Per il generale Antonio Cornacchia il sequestro e la morte di Aldo Moro non sono un “mistero”, bensì «un punto interrogativo al quale si continua a non voler rispondere. Io sono un avversario della dietrologia, nel caso Moro si usa sempre la dietrologia»: lo racconta il militare in congedo in una lunga intervista al Tempo dove spiega nero su bianco come Papa Paolo VI tentò in tutti i modi di salvare l’amico Aldo Moro nei terribili giorni che andarono tra la strage di Via Fani e il ritrovamento del cadavere del Presidente DC nella Renault 4 rossa. Addirittura, il riscatto era già pronto da pagare ma all’ultimo una telefonata bloccò tutto.
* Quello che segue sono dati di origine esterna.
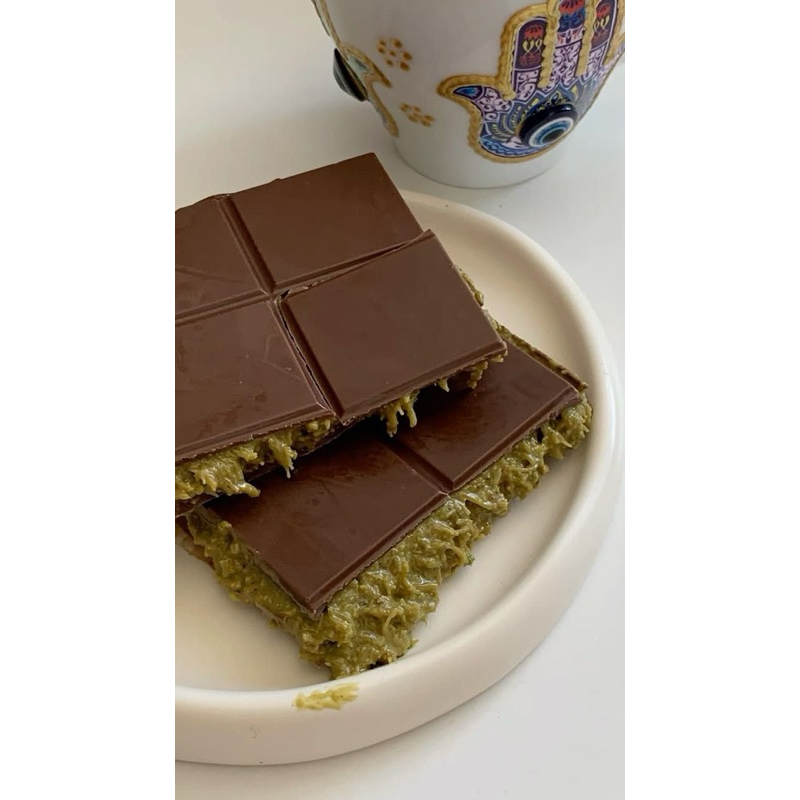 

Swiss Fru Chocolate Kunafa Pistachio Cream/Coklat Dubai Viral/Coklat Mesir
«Il 6 maggio, tre giorni prima del ritrovamento del corpo, mi recai a Castel Gandolfo con l’ispettore generale dei cappellani delle carceri italiane don Cesare Curione e padre Enrico Zucca, cappellano anche del Noto Servizio cosiddetto anello, un servizio segreto parallelo: 167 uomini di cui si servirono tre presidenti del consiglio: Andreotti, Forlani e in parte anche Craxi. Incontrammo il segretario di Paolo VI monsignor Pasquale Macchi», spiega il generale che comandava il Nucleo Investigativo di Roma dell’Arma dei Carabinieri durante il sequestro Moro. Un involucro con dentro 10 miliardi di lire erano pronti, disposti direttamente da Papa Paolo VI ma alle 19.35 di quella sera squilla il telefono e Macchi rimase impallidito dopo la risposta: «Ci hanno precluso di consegnare questo riscatto».
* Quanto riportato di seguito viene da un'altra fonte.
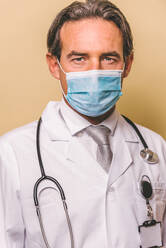 Doctor wearing protection suit and face mask for fighting Covid-19 ( Corona virus ) - Nurse portrait during coronavirus pandemic quarantine, concepts about healthcare and medical - DMDF00490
PERCHÈ ALDO MORO NON VENNE SALVATO
Anni dopo si è scoperto, racconta ancora il generale Cornacchia, che era stato un elemento della loggia di Cristo Re in Paradiso a chiamare e dare quell’annuncio: «verosimilmente il dietrofront venne quindi dal Vaticano stesso, che proibì al Papa di salvare Moro». Il politico Dc ucciso dalle Brigate Rosse non seppe mai di quei tentativi fatti da Papa Montini – tanto che scrisse in una delle famose lettere dal “covo” «il Papa ha fatto pochino» – eppure il Pontefice fece tanto, con dolore enorme davanti a quel rifiuto in arrivo “dall’alto”. «La morte di Moro faceva comodo a tante persone. L’Italia aveva perso la guerra e ci eravamo illusi di sederci ai tavoli alla pari con gli alleati, invece dovevamo sottostare a certe condizioni, una di queste era che il Pci, il più grande dell’Occidente, stesse fuori dalle stanze dei bottoni», racconta ancora il generale al Tempo, «anche l’URSS era contraria al fatto che un partito comunista potesse “democratizzarsi” […] Un funzionario americano a Roma, si riferì alla moglie di Moro, Eleonora, prefigurandole lo stesso destino di vedova di Jackie Kennedy».
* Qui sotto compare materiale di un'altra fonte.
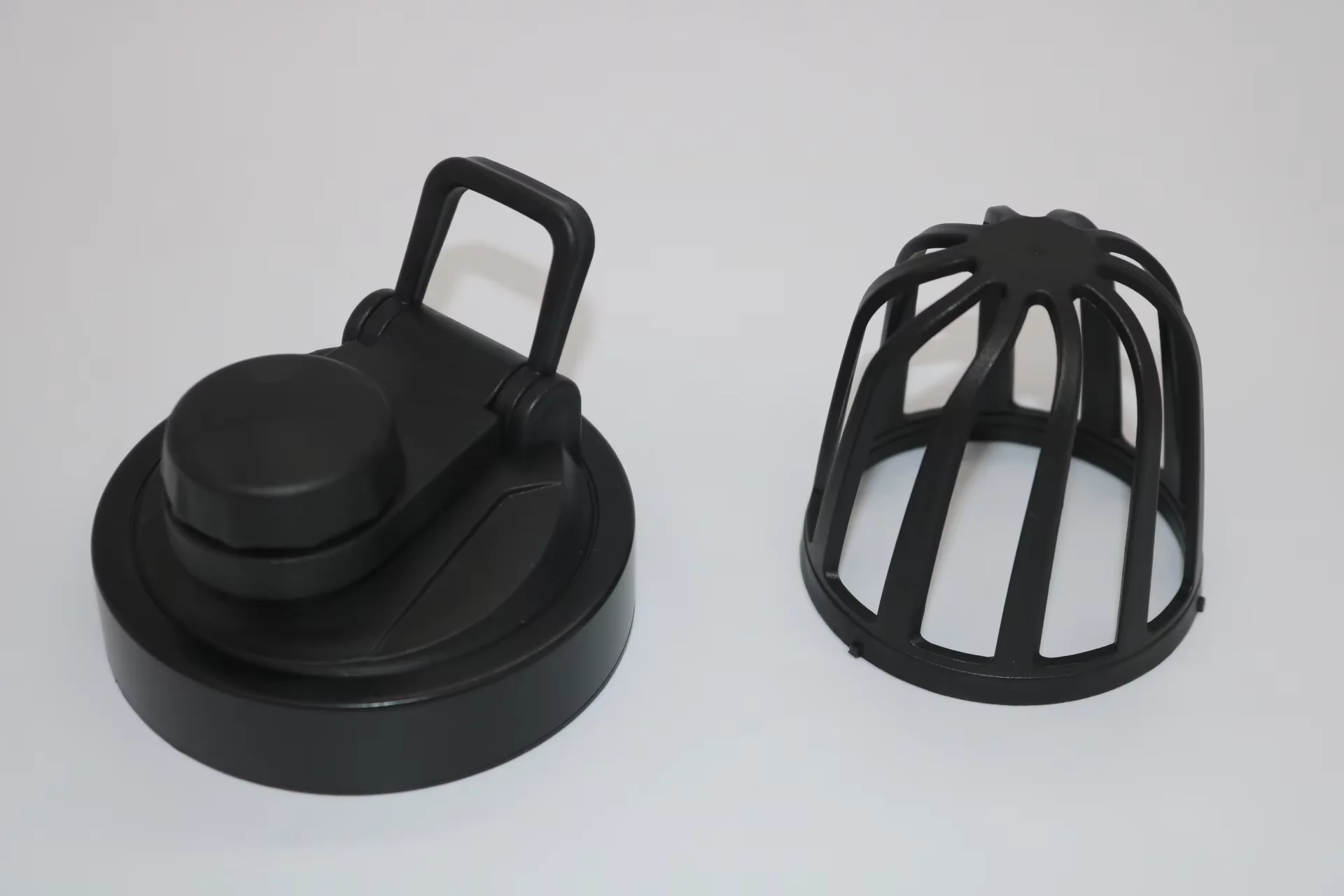 600ml Hot Sale Bottle Water Gym With New Lid Stainless Steel Protein Shaker Bottle with Strainer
Durissime le accuse mosse dal generale contro Andreotti e diversi apparati dello Stato che non vollero realmente salvare Moro da quel tremendo destino a cui fu sottoposto: «Cossiga voleva salvare Moro. Al Viminale sapevano dov’era la prigione, l’aveva scoperta il Generale Dalla Chiesa. Lui aveva allestito Unis, un contingente di 30 paracadutisti che aspettavano in via Aurelia, in attesa di avere l’ok per entrare in azione e liberare Moro. Fu un’attesa vana. Andreotti non diede mai il via libera e cercò di occultare la documentazione relativa a questa operazione. Ma gli incartamenti sono stati trovati dal Tribunale dei Ministri nel 1996, solamente che il Senato non concesse l’autorizzazione a procedere». Non solo, racconta ancora Cornacchia, un criminologo che collaborava con l’unità di crisi all’epoca del sequestro confessò al generale anni dopo «la linea iniziale del Comitato era quella di temporeggiare per poter contattare e scendere a patti con i vertici delle Br. Ma Andreotti e il Partito Stato non furono d’accordo. Il 18 aprile ci fu la certezza che Moro non sarebbe uscito dalla prigione».